Dans la fenêtre de l’appareil collecteur de modification, cliquez sur le bouton passer au point de référence pour déplacer le collecteur vers le point de référence. Ajustez l’accent pour afficher clairement le point de référence. Ensuite, cliquez sur le bouton de déchargement gauche dans la barre d’outils pour abaisser le support de diapositives.
Placez la glissière dans le support avec la section de tissu orientée vers le bas, et insérez le support de nouveau dans la scène. Cliquez sur continuer dans la fenêtre de l’échantillon de modification. Pour configurer les paramètres laser, sélectionnez l’option de contrôle du menu laser ou cliquez sur l’icône laser.
Ajustez les paramètres suivants comme vous le souhaitez, la puissance, qui est la puissance du laser, l’ouverture, qui est la largeur du laser, et la vitesse, qui est la vitesse de coupe en mode tirage et coupe. Commencez par un objectif 5X pour trouver les domaines d’intérêt, et passez à l’objectif qui montre le mieux le domaine d’intérêt.

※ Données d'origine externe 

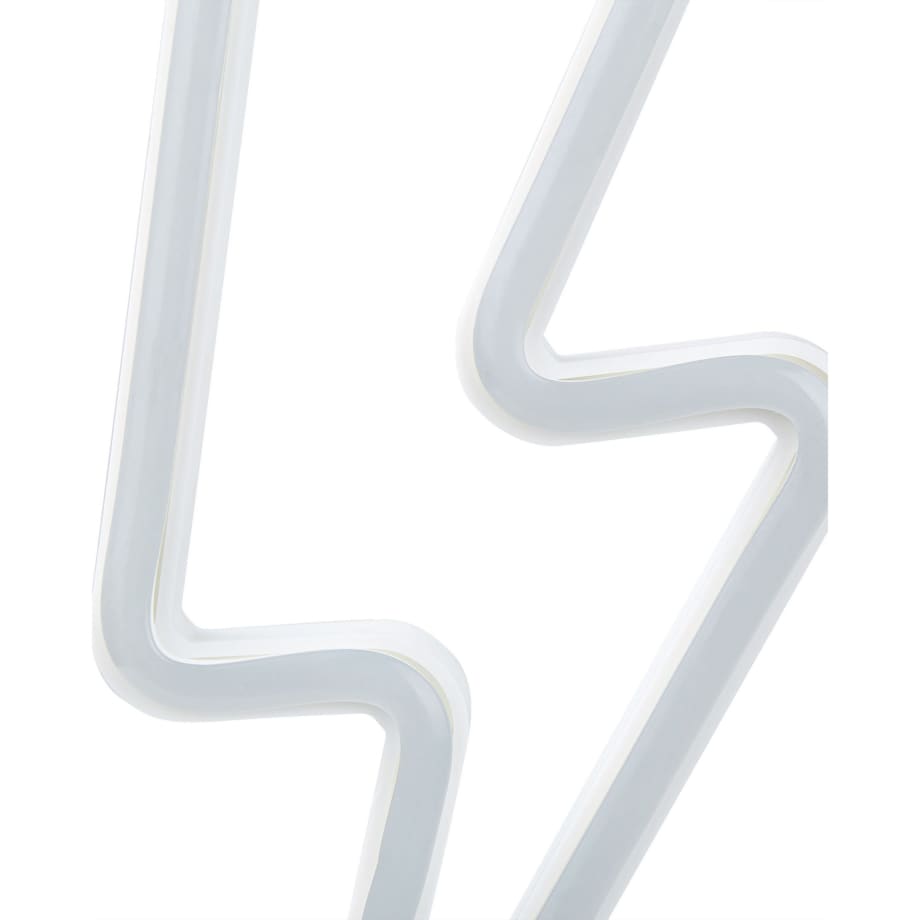 Zestaw 3 neonów LED wielokolorowy FLORETTA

Choisissez le tube pour la collection en cliquant sur la marque au collecteur, puis choisissez déplacer et couper ou dessiner et couper.

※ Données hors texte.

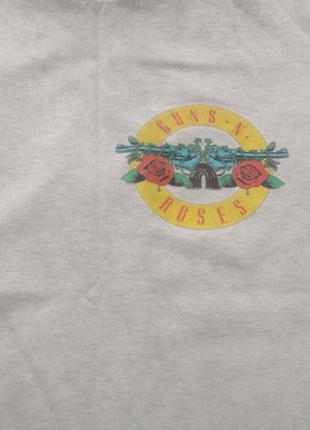 Guns n roses футболка атрибутика неформат рок мерч5 фото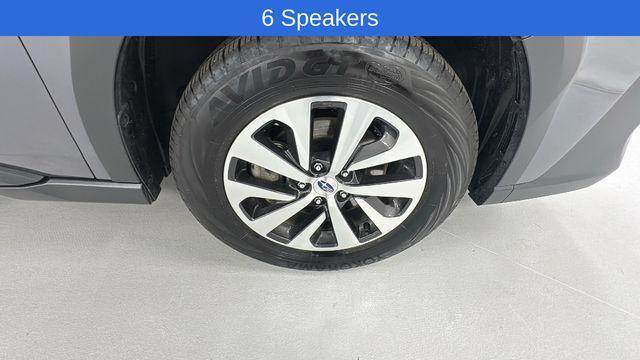 used 2025 Subaru Outback car, priced at $32,000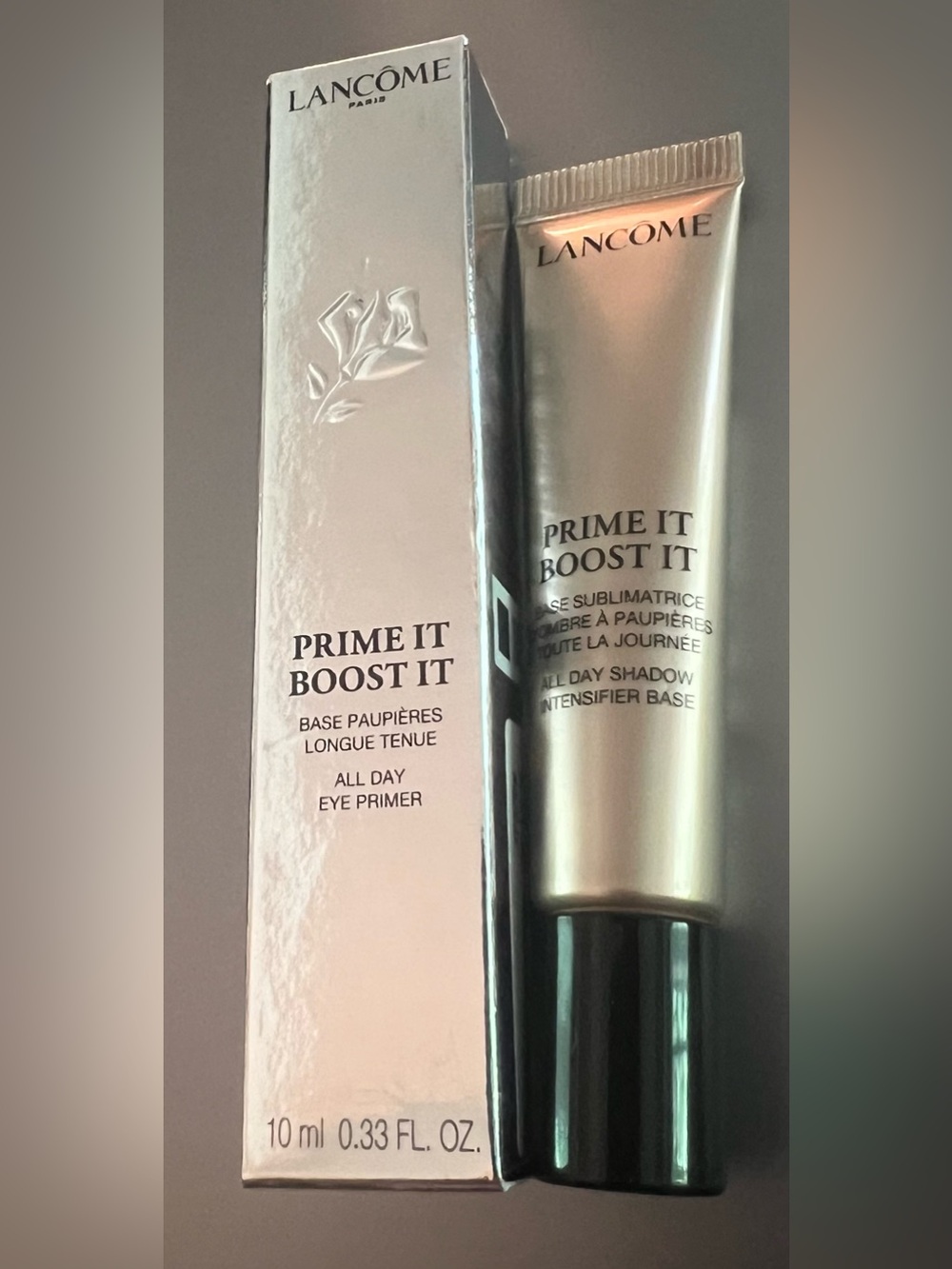 Lancome Prime It Boost It All Day Eye Primer Cult Favorite- Discontinued Formula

Une fois la coupe terminée, le tissu cible avec membrane PEN tombera dans le capuchon du tube de collecte par gravité. Répétez ce processus de sélection et de coupe pour tirer plusieurs domaines d’intérêt si nécessaire. Après cela, déchargez le collecteur et fermez soigneusement le tube PCR.

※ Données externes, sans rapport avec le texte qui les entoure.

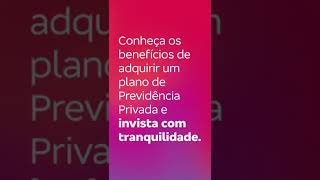 BRADESCO  Previdência Privada [upl. by Estas]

Déposer les tissus microdissectés sur la glace sèche. Décongeler brièvement les tissus microdissectés à température ambiante, puis les centrifuger brièvement, et incuber les échantillons à 42 degrés Celsius pendant 30 minutes. Après cela, faites tourner le tampon de lyse vers le bas dans le tube PCR de 5 millilitres.
Effectuer le traitement de la DNase et l’extraction de l’ARN à l’aide d’une trousse d’isolation de l’ARN, suivant les instructions du fabricant. Dans cette étude, une microdissection optimisée de capture de laser du cartilage et de l’os est exécutée, soulignant l’utilisation de la coloration de violette de cresyl dans une procédure rapide pour visualiser le cartilage et l’os pour la collecte précise de tissu tout en maintenant l’intégrité élevée d’ARN pour l’analyse suivante. L’observation des diapositives montre que tous les cartilages examinés sont des magenta tachés, et tous les tissus minéralisés sont tachés de brun ou de noir.
Le cartilage et l’os sont facilement distingués des autres tissus aux emplacements anatomiques multiples. Le cartilage de Meckel, le cartilage condylar, et les régions mandibulaires d’os sont choisis et isolés par microdissection de capture de laser. Pour obtenir suffisamment d’ARN pour le séquençage, tirez 10 régions du cartilage de Meckel, 10 régions de cartilage condylar, ou quatre régions de l’os mandibulaire dans trois tubes individuels de collecte respectivement.
L’ARN est ensuite extrait, et l’ARN total est analysé à l’aide d’un bioanalyseur. Ce protocole de microdissection de capture laser est utilisé sur divers tissus à différents stades de développement, et les mesures du nombre d’intégrité de l’ARN indiquent une qualité d’ARN élevée. L’analyse différentielle de l’expression des gènes est ensuite effectuée.
Il y a 4006 gènes significativement et différemment exprimés entre l’os mandibulaire et le cartilage de Meckel. Les gènes spécifiques aux ostéoblastes ou aux ostéocytes sont plus fortement exprimés dans l’os mandibulaire tandis que les gènes spécifiques aux chondrocytes sont plus fortement exprimés dans le cartilage de Meckel. En outre, les marqueurs ostéoclastes sont plus fortement exprimés dans l’os mandibulaire, indiquant l’isolement réussi des tissus ciblés.
Après cette procédure, l’analyse de l’expression des gènes, y compris qPCR et ARN-seq, peut être effectuée. Ces méthodes peuvent analyser l’expression génétique du transcriptome dans des tissus ou des régions d’intérêt spécifiques dans les tissus hétérogènes.